Of course, “La Femme Fétal” also includes elements of affect, as when it describes Nikki as “looking some kind of sad with tears falling from her eyes” and being in a “somber mood.” Butterfly expresses worry about “sounding macabre” when he mentions the threat of botched abortions if and when legal access is banned. But the affect is not the point. As Nikki says, “About this we don’t feel great / But baby, that’s how it is.” If the video for “Brick” explicitly sells what the song alludes to—that sadness is the only legible attitude towards having an abortion, a position Folds himself reinforced in a 2016 interview when he said the song was meant to have people “feel that sadness of the experience with no opinion on what you should do or be allowed to do”—then “La Femme Fétal” contends that these feelings are inseparable from the political reality. DP’s song avoids decentering a pregnant person’s voice, by describing a political context that explains why Nikki might be feeling “some kind of sad” without assuming some kind of universal feminine pain. As Adrianna Widdoes explains in her essay “My Abortion Wasn’t Like Ben Folds Said It Would Be,” not all abortions are tragic.
Ben Folds may have been trying to write an apolitical song about the experience of having an abortion, but the very fact that he thought he could do that reveals a politics. In the setting he describes—of kids driving themselves to a clinic, of having Christmas presents to sell to pay for the procedure, of post-abortion romantic gestures like flowers—there is a political world of assumed access and privilege. Of course, it is not that he cannot write a song about those experiences, but what does that image of abortion mean in the broader context of its cultural weight?
I can’t help but feel that songs like “Brick” sentimentalize abortion in a dangerous way. While they claim to not “take a side,” they nevertheless reinforce and reflect attitudes about abortion in the culture at large.

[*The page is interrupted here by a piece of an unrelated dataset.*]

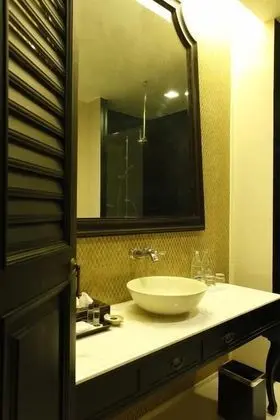 Deluxe Tek Büyük veya İki Ayrı Yataklı Oda, Bahçeli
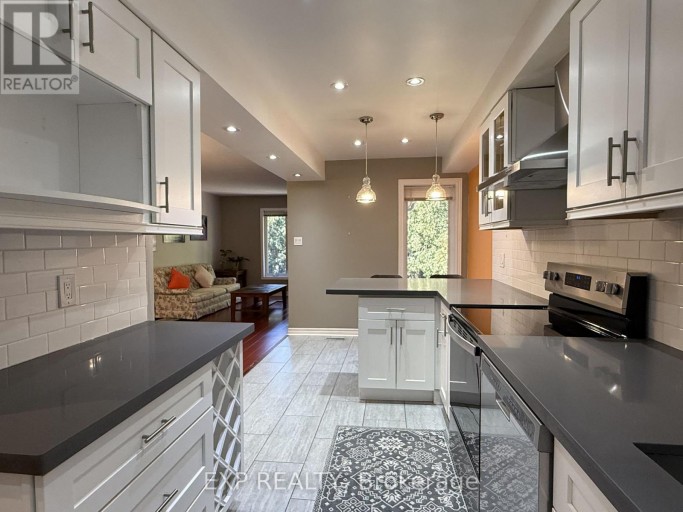 62 WETHERBY CIRCLE, Markham (German Mills), Ontario, L3T7R6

If there was room in 1990s for two songs about girlfriends’ abortions by alt-rock dude bands to chart—the other being The Verve Pipe’s “The Freshman” (1997) which replaces an autobiographical abortion with guilt over a girlfriend’s suicide, because sure, those things are equivalent—suggests that the sentiment in these songs resonates with its audience. This perspective on abortion, the kind that goes hand in hand with the moral notion of “minimizing abortion” and treating it as a “necessary evil,” betrays a bourgie attitude that protects access for the middle-class while judging poorer women for their choices. If abortion is to be minimized let it be because preventative medicine is always preferable to surgical procedure but not because there is a moral element to terminating a pregnancy that insists it be done grudgingly. At the risk of repeating myself: “Whatever you decide, make that move with pride” is actually less of a political claim than “you can have an abortion if you want, but you will feel sad about it.” When not telling women what to do with their bodies, the culture loves to tell them how to feel their feelings.